Интерес к ранним китайским переводам буддийских текстов довольно быстро набрал силу в последние десятилетия. Некоторые ученые считают, что многие ранние китайские переводы не представляют никакой ценности для буддологии, как и для изучения наследия индийского буддизма, потому что не отличаются точностью перевода. Однако эти тексты могут в некоторой степени помочь исследователям понять, каким образом происходило восприятие буддизма в Китае, так как не следует забывать, что в течение нескольких веков именно по ним китайцы изучали доктрины индийского буддизма. С другой, эти тексты, очевидно, не являются полностью порождениями китайской мысли и не могут служить для ее изучения (речь идет о переводах). Тем не менее, эти документы застыли между двумя различными мирами, хотя и не принадлежат полностью ни к тому, ни к другому, и не могут удовлетворить специалистов по изучению этих миров. Но как представители «другого измерения», они могут, возможно, разрешить некоторые вопросы, связанные с рецепцией буддизма в Китае, что в свою очередь с некоторой степенью вероятности поможет объяснить определенные специфические черты китайского буддизма в целом, если вообще можно говорить о нем, как о целом. Китайский буддизм не мог использовать лингвистические наработки индийского буддизма, а потому вынужден был искать собственные средства. Вопрос в том, насколько лингвистическими они были – или же это что-то другое, каков потенциал китайского языка в этом отношении? Как уже говорилось, язык китайских переводов буддийских текстов своеобразен и отличается, как уже говорилось выше, литературному и обиходному языку эпох, в которые выполнялись переводы, но есть ли это своеобразие результат несвободного пользования китайский языком переводчика данного текста (что, опять же, включает в себя и временной, и пространственный фактор) или же это особый метод передачи санскритского текста, а, скорее всего, это обусловлено и тем, и другим. В любом случае, при анализе подобных текстов мы столкнемся с использованием методов, благодаря которым (и только благодаря им) индийские тексты могли стать хоть в какой-то мере понятными китайским читателям. Методы эти как раз и являются результатами использования техник переводов, названных в предыдущих частях.
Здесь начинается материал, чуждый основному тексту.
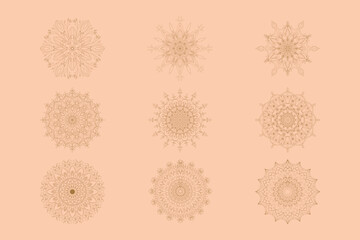 Set of mandalas for coloring book. Decorative round ornaments. Anti-stress therapy patterns. Weave design elements. Yoga logos, backgrounds for meditation poster. Unusual flower shape. Oriental vector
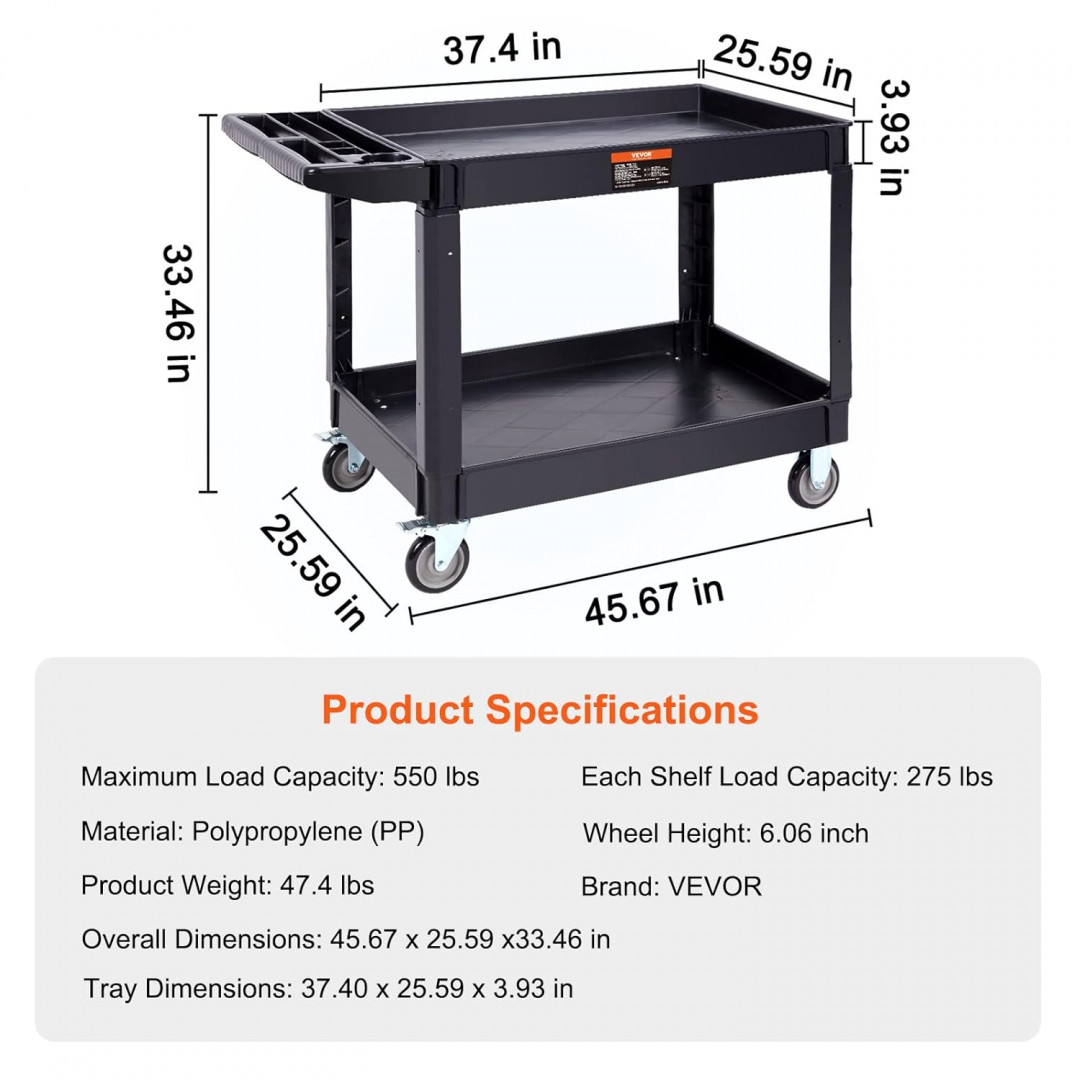 VEVOR Utility Service Cart - 2 Shelf - 37.4" x 25.6" x 33.5" 550 LBS MAX- Black (MODEL: JY-BS) image 2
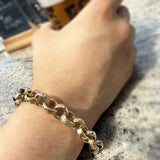 Pre Owned 9ct Yellow Gold Plain & Patterned Round Link Chunky Bracelet 9 1/2"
Тем не менее, несмотря на вековую проработку этих техник, в китайском языке большинства буддийских переводов встречаются синтаксические конструкции, на которые явно оказал влияние язык оригинала (в нашем случае это санскрит). Китайский язык буддийских текстов – не китайский в полном смысле этого слова. Он как будто застыл между двумя мирами. Но, опять же, вопрос, что послужило причиной этого отличия, остается открытым.